That Friend You Keep Meaning to Message
You know the one. Maybe you were close at university. Maybe you worked together for years. Maybe you were genuinely best mates until life — jobs, moves, relationships, children, sheer busyness — gradually pulled you apart.
You think about them sometimes. When a song comes on. When you walk past a restaurant you used to go to. When their name pops up on social media and you hover over the message button for a moment before scrolling past.
You want to reach out. You've wanted to for months, possibly years. But something stops you. A voice in your head that says: "It's been too long. It would be weird. They've probably moved on. They might not even remember me that fondly."
Here's what the research says about that voice: it's wrong. Comprehensively, measurably, consistently wrong.
The Science of Why You Should Just Send the Message
In 2022, researchers at the University of Pittsburgh and the University of Kansas conducted a series of 13 experiments with nearly 6,000 participants to study what happens when people reach out to old contacts. The findings, published in the Journal of Personality and Social Psychology, were unambiguous.
People who initiated contact consistently and significantly underestimated how much the recipient would appreciate hearing from them.
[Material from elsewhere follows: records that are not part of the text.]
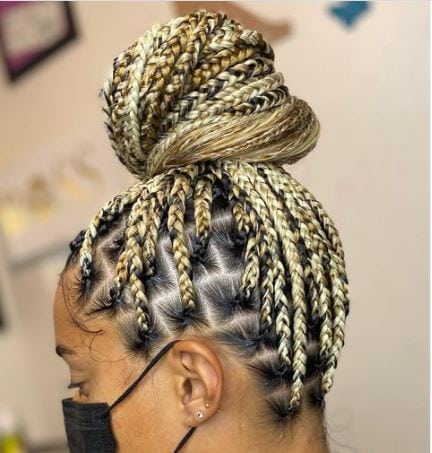 Medium blonde braids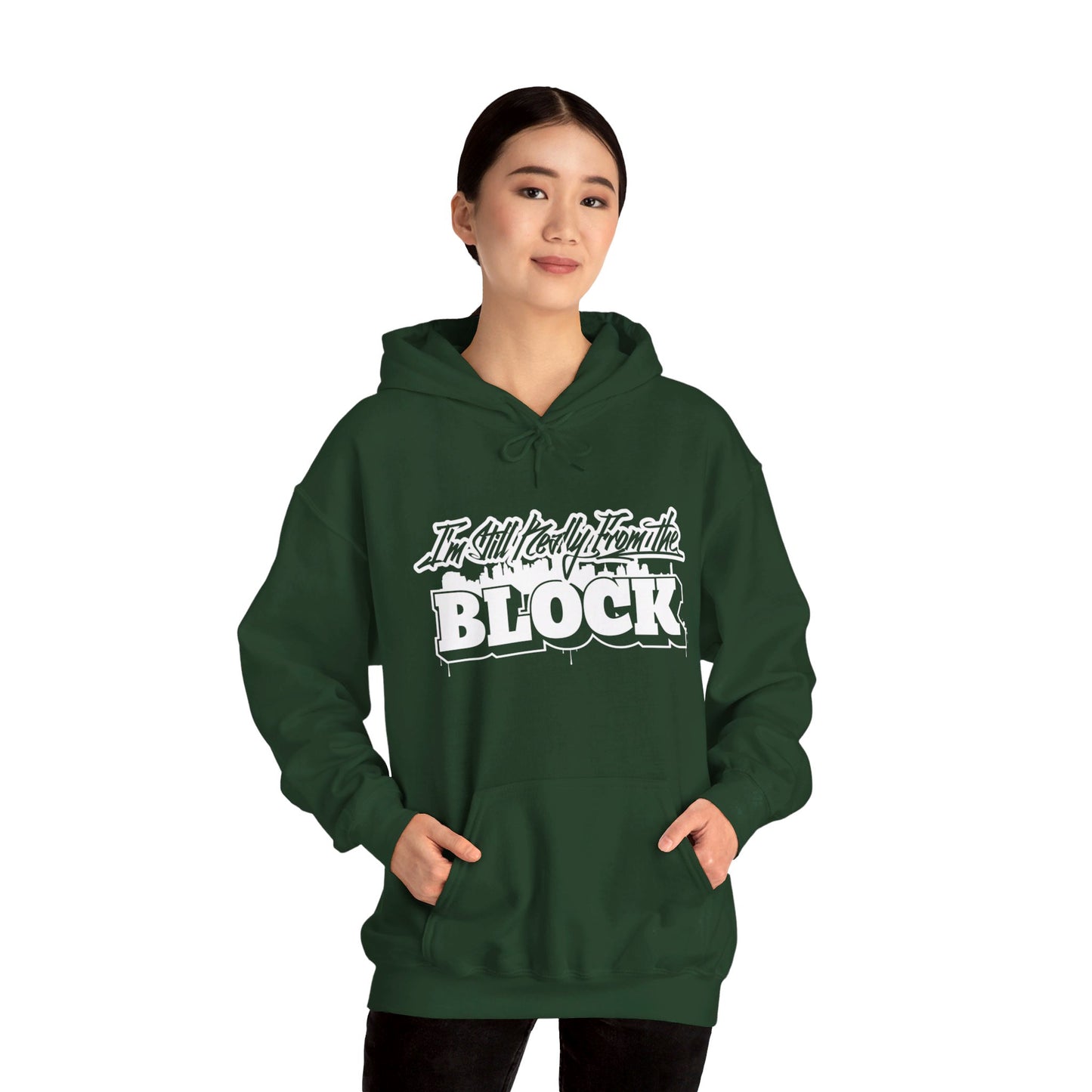 I'm Still Really From The Block Unisex Heavy Blend™ Gildan Hooded Sweatshirt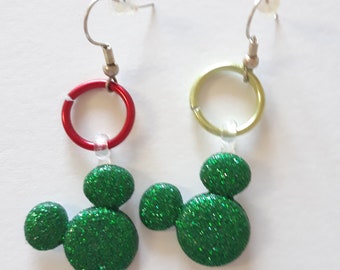 Pendientes/Pulsera de cuentas de Mickey Mouse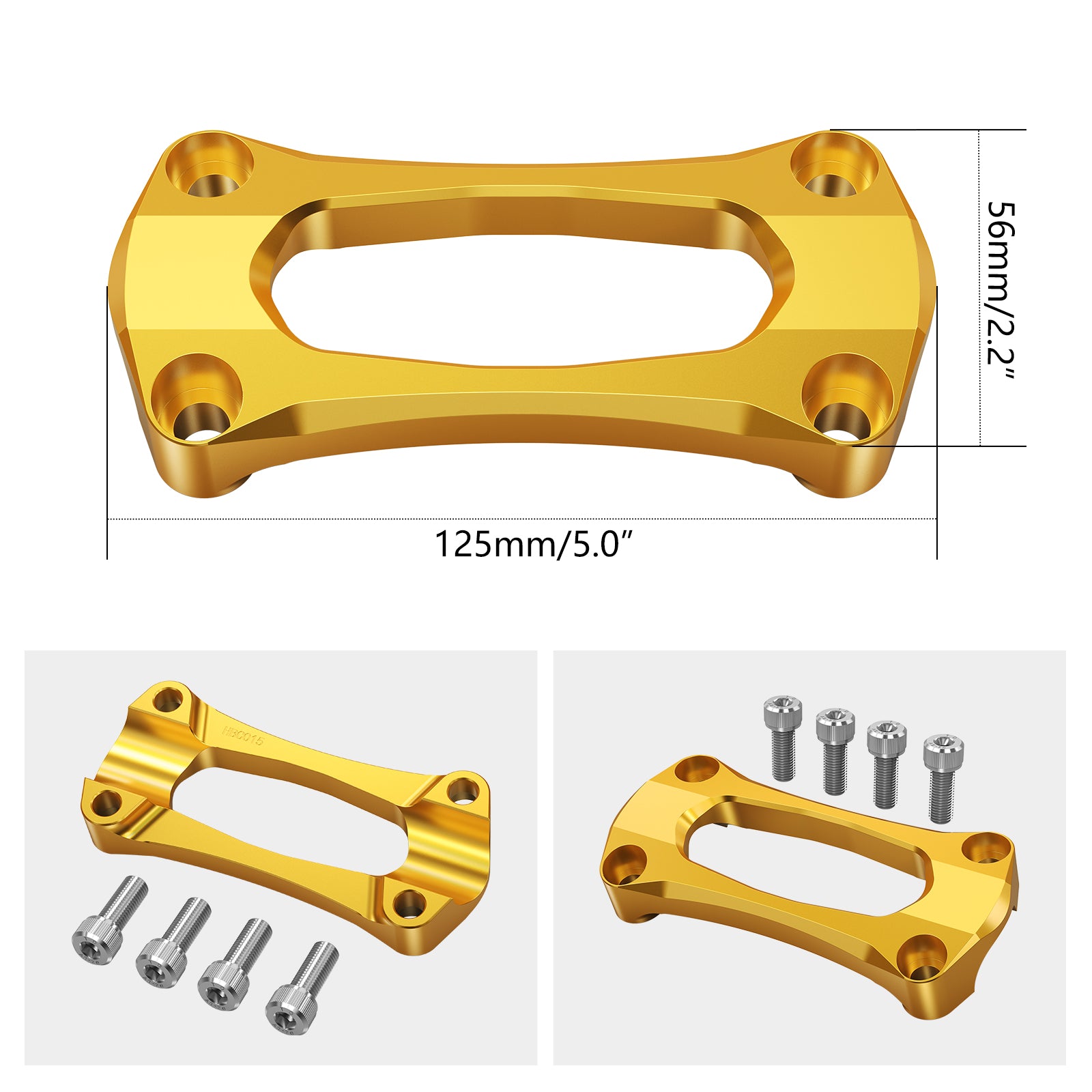 1 1/8" 28.6MM Handlebar Stabilizer Support Mount Riser Clamp For Suzuki RMZ250 RMZ450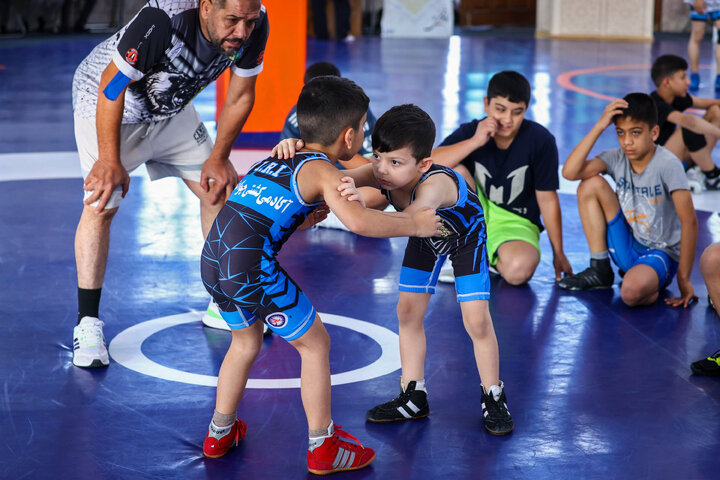 آیین افتتاح خانه کشتی شهدای طرقبه با حضور دکتر قالیباف - مشهد مقدس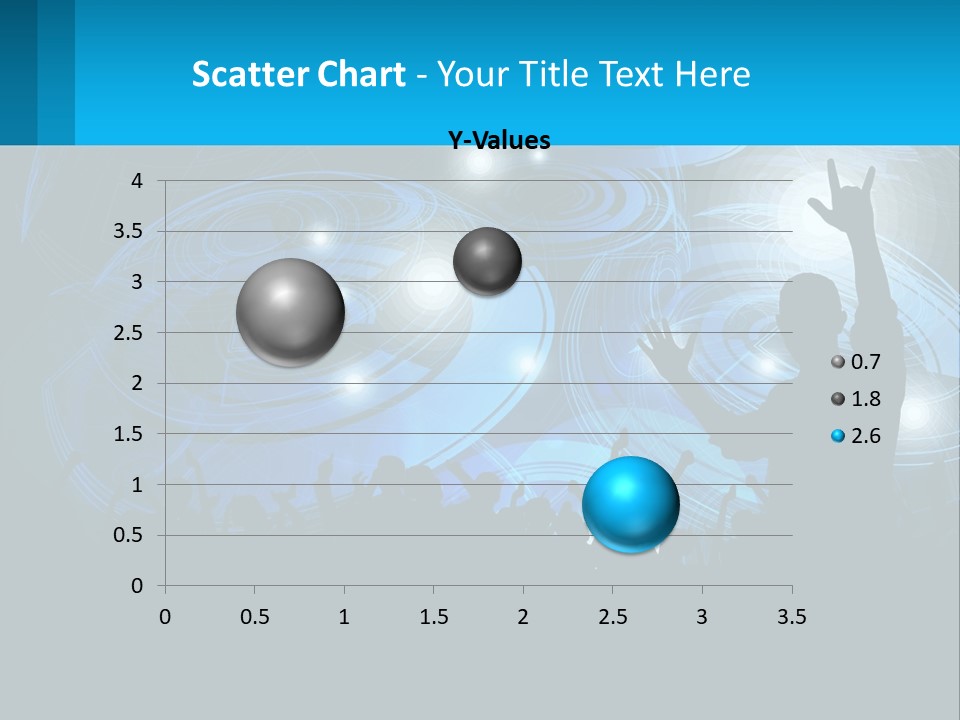 A Silhouette Of A Person At A Concert PowerPoint Template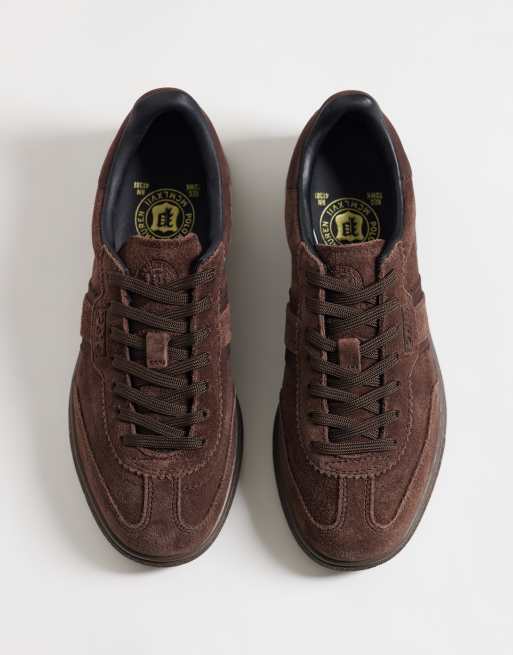 Polo Ralph Lauren B'ford suede trainers in dark brown, 2 of 5
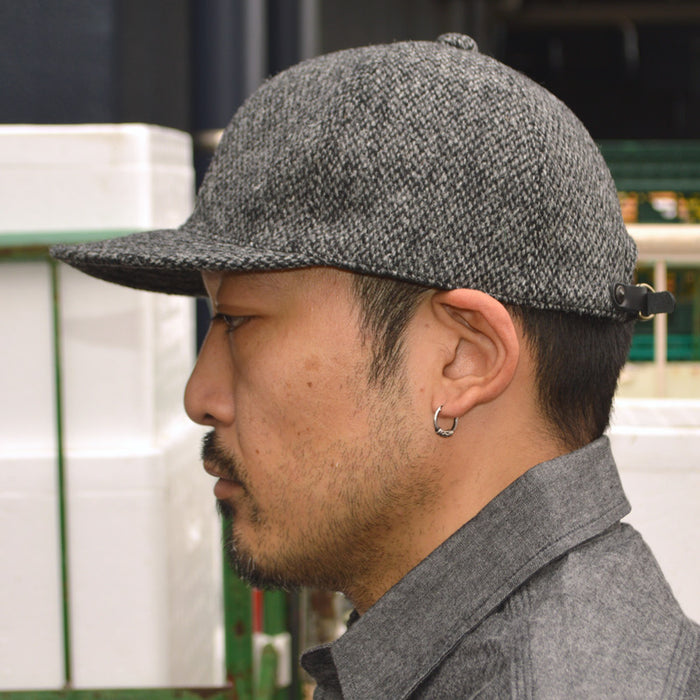 HIGHER ”HT25021” Harris Tweed Oatmeal Cap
The more surprising the reach-out — the longer it had been, the less expected the message — the bigger the gap between what the sender expected and how the recipient actually felt.
In other words: the more awkward you think it will be, the more the other person is likely to appreciate it.
A 2024 study published in Communications Psychology (Nature) found that fewer than one third of participants sent a message to an old friend — even when they wanted to, thought the friend would appreciate it, had the contact information, and were given time to write the message. The hesitation isn't rational. It's a systematic bias.
This follow-up research, involving around 2,500 participants across seven studies, confirmed that people consistently overestimate the awkwardness of reaching out and underestimate the positive feelings it generates. The gap between expected and actual reception was substantial — not a marginal difference, but a meaningful one.
Why We Hesitate (And Why It's Usually Misplaced)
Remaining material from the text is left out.